> [TASK TO COMPLETE] Your copy starts at the line containing "tutorial 4 functional dependency" and ends at the last line below. Copy exactly, without pictures.

> [GIVEN MATERIAL]
====

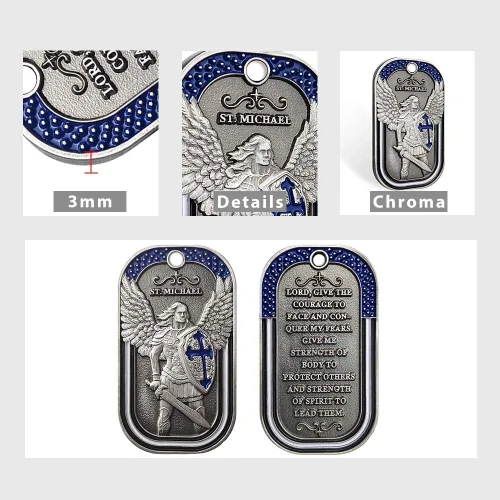 Miniatura 4 de Collar con dije de collar con dije de placa de perro de San Miguel el Arcángel
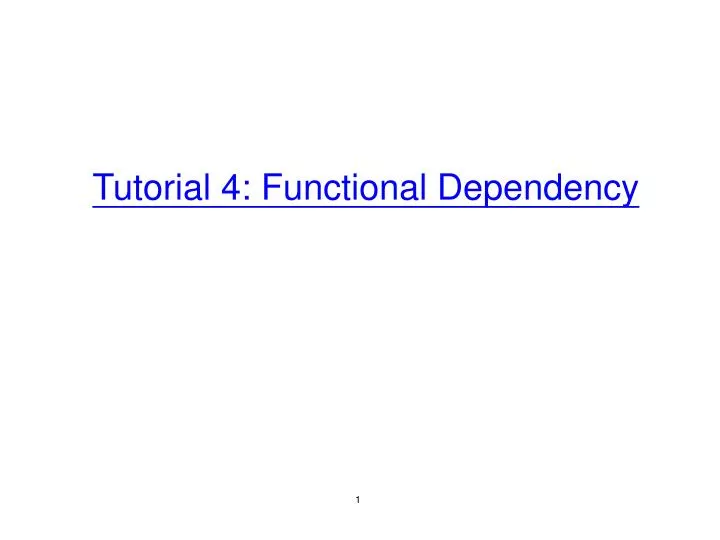 tutorial 4 functional dependency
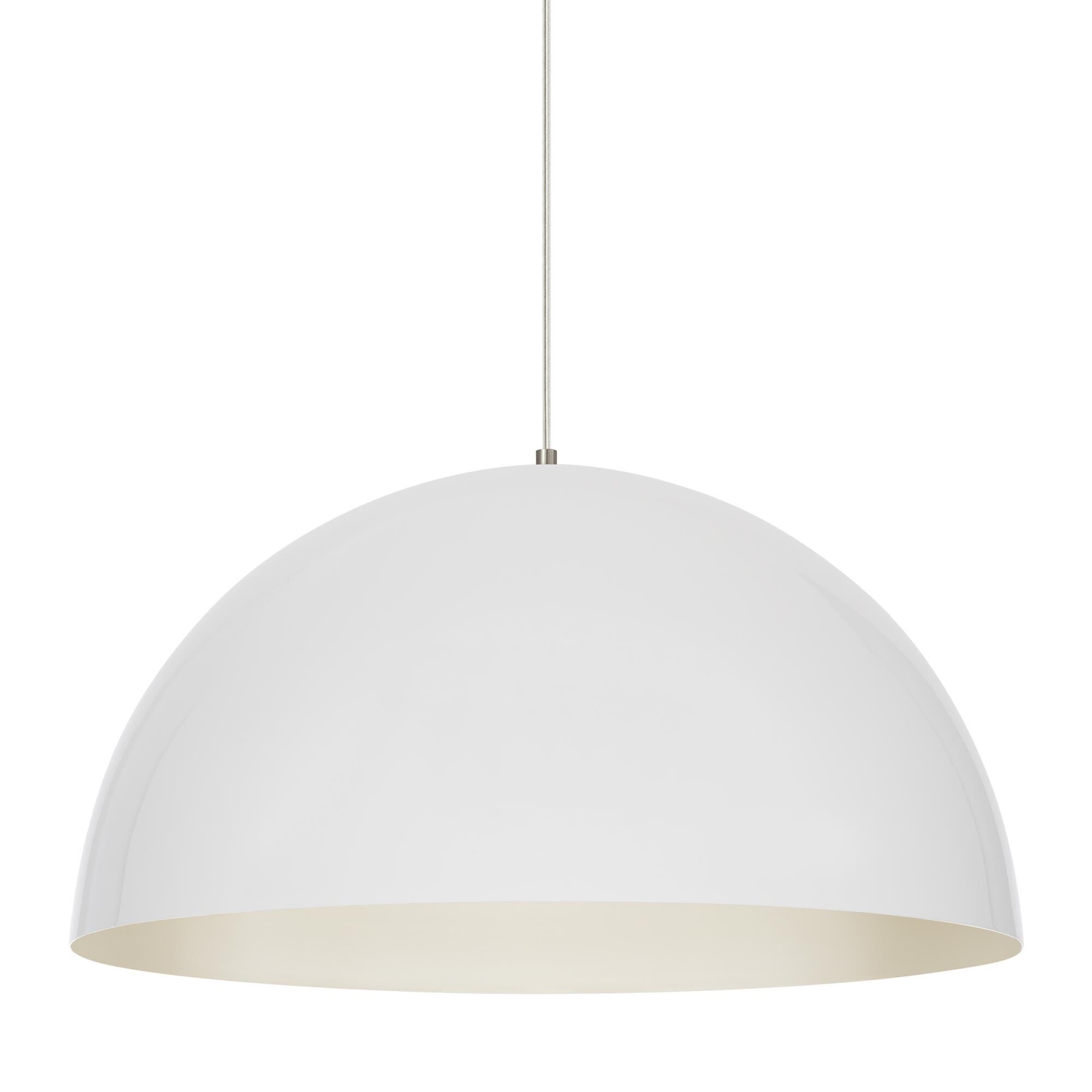 Shown in White finish and Gloss White-White glass and Metal shade and 120 Volt accent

====

> [EXPECTED ANSWER]
 tutorial 4 functional dependency
 Shown in White finish and Gloss White-White glass and Metal shade and 120 Volt accent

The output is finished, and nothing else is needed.